New Delhi, Nov. 26: The Cuban Revolution was his template when Nelson Mandela was assigned the task of starting a guerrilla army against apartheid in the early 1960s.
Mandela says as much in his autobiography Long Walk to Freedom.
Today, a foundation set up in Mandela's memory chose its words carefully in its tribute to Fidel Castro.
"The first country we approached was the United States of America. We could not even succeed to come close to the government, and they refused to assist us," the Nelson Mandela Foundation quoted Madiba - the clan name by which South Africans affectionately addressed Mandela - from a documentary shot in 1990.
"But Cuba, the moment we appealed for assistance they were ready to do so and they did so. Why would we now listen to the Western world when they say we should have nothing to do with Cuba? It is just unreasonable."
When he was released from prison after 27 years, Mandela had visited Cuba to thank Castro for his support. Castro had returned the favour by travelling to South Africa for Mandela's inauguration as the country's first black President.
Mandela was not singed because of this friendship the way Gabriel Garcia Marquez was. Castro was Marquez's "blind spot", wrote Mexican historian Enrique Krauze in The New York Times on the author's death in 2014.
Marquez's "literary achievement", Krauze said, "has been overshadowed by a moral failing: his long, intimate friendship with Fidel Castro and (far more important) his unflinching acceptance of the worst abuses of the Cuban regime".
Their friendship went back to January 1959, when Marquez arrived in Cuba as a journalist.
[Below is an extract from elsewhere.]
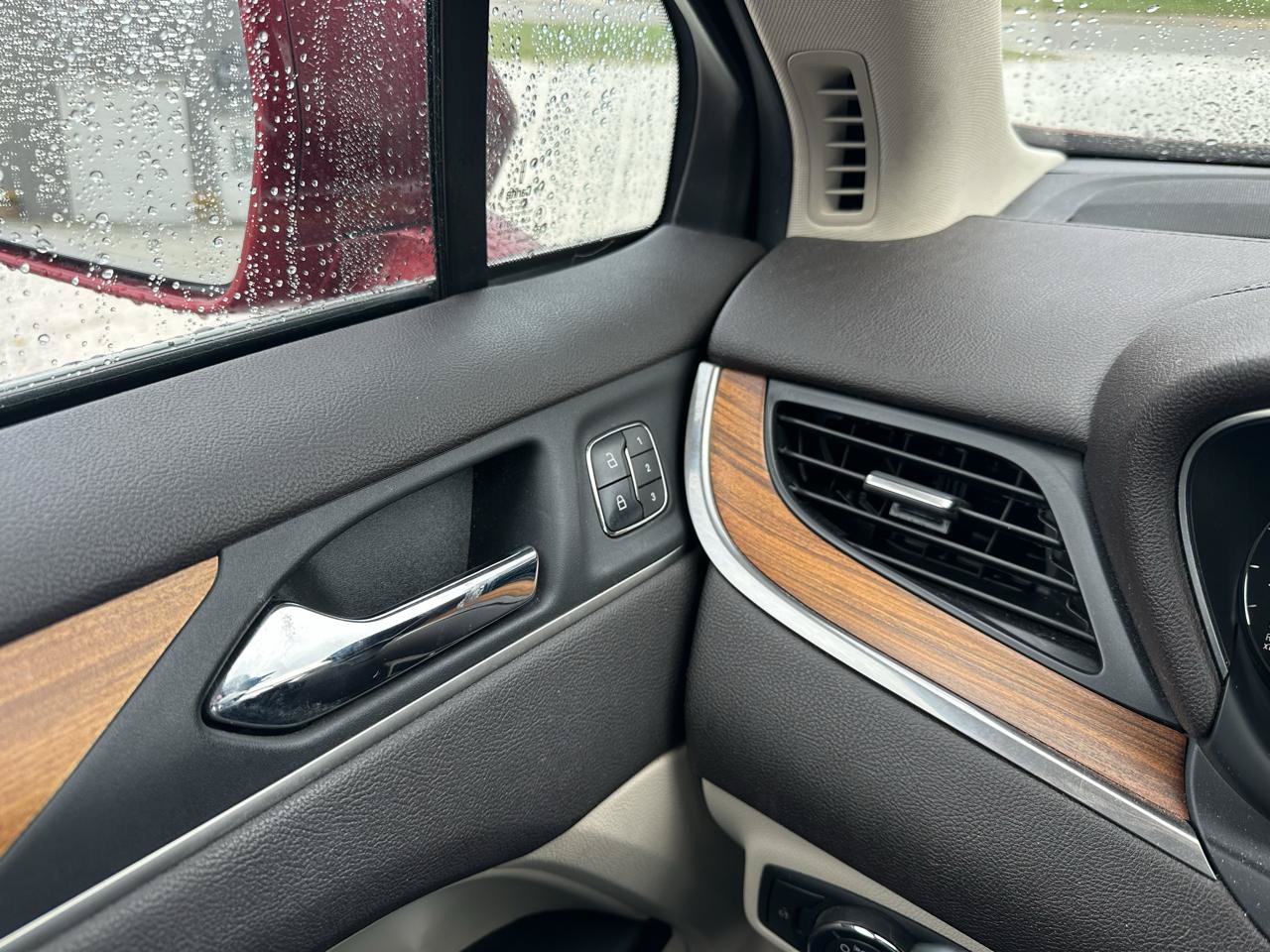 Used 2019 Lincoln MKC Select w/ Select Plus Package FWD image 20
The author wrote some of his best-known works, including One Hundred Years of Solitude, while based in Cuba.
Castro himself was an Ernest Hemingway fan, though the two are known to have met only once when they fished together on May 15, 1960, in an angling contest named after the author.
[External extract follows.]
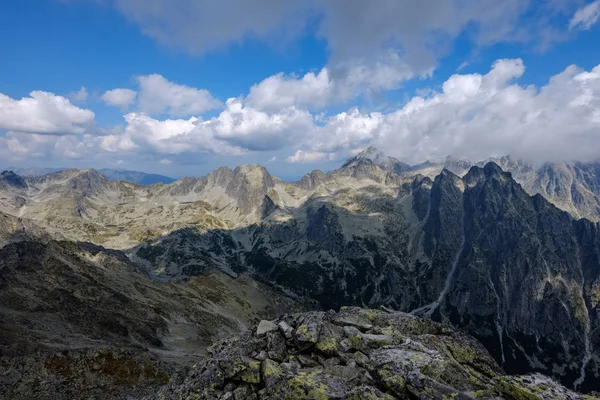 Sentier Randonnée Rocheux Pour Les Touristes Dans Les Montagnes Carpates — Photo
Castro's David-like equation with the American Goliath made him the beacon of hope for those struggling against the odds. King of the ring Muhammad Ali went to the extent of swimming against the tide to ferry medical supplies to the island, not once but twice.
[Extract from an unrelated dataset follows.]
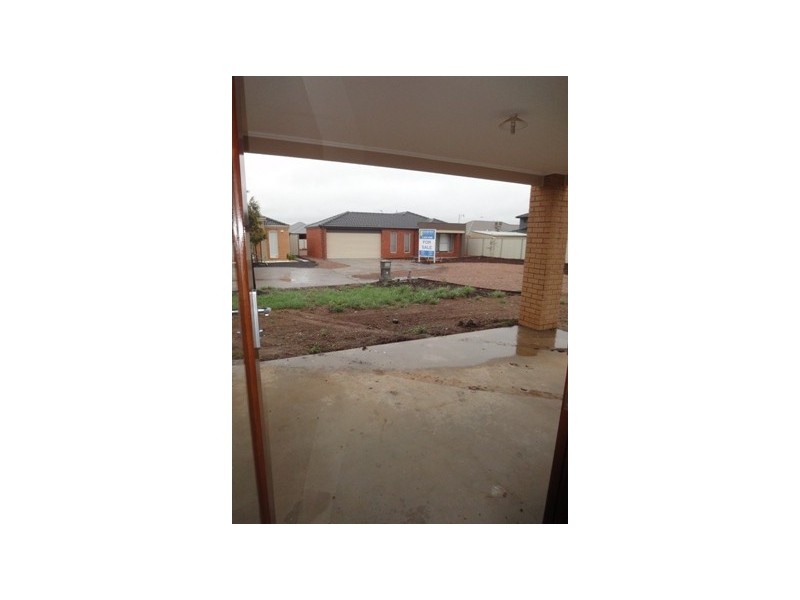 13 Bodmin Court, Truganina VIC 3029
From his first visit - when Ali was yet to make his mark - there is an iconic photograph of Castro telling Ali to "hit me, here", while pointing to his chin.
Another civil rights activist who earned a place in Castro's galaxy was Malcolm X. When a Manhattan hotel refused to house Castro and his delegation - in New York to attend the UN General Assembly in 1960 - the African American leader welcomed him to a Harlem hotel.
Several decades later, Castro took a Venezuelan army officer - and leader of a failed coup attempt in Caracas - under his wings, resulting in the Wall Street Journal billing the alliance as "Cubazuela" once Hugo Chavez became the President of his country.
Castro outlived most of his friends. Practically, the only one known to be close to him still alive to mourn his passing is Diego Maradona.
When the footballer fell prey to drug abuse, Castro had stepped in to open Cuba's famed health facilities to Maradona. The intervention is said to have saved Maradona's life.
"He was like a father to me...," Maradona was today quoted by TyC Sports as saying. "I'll go to Cuba to say goodbye to my friend."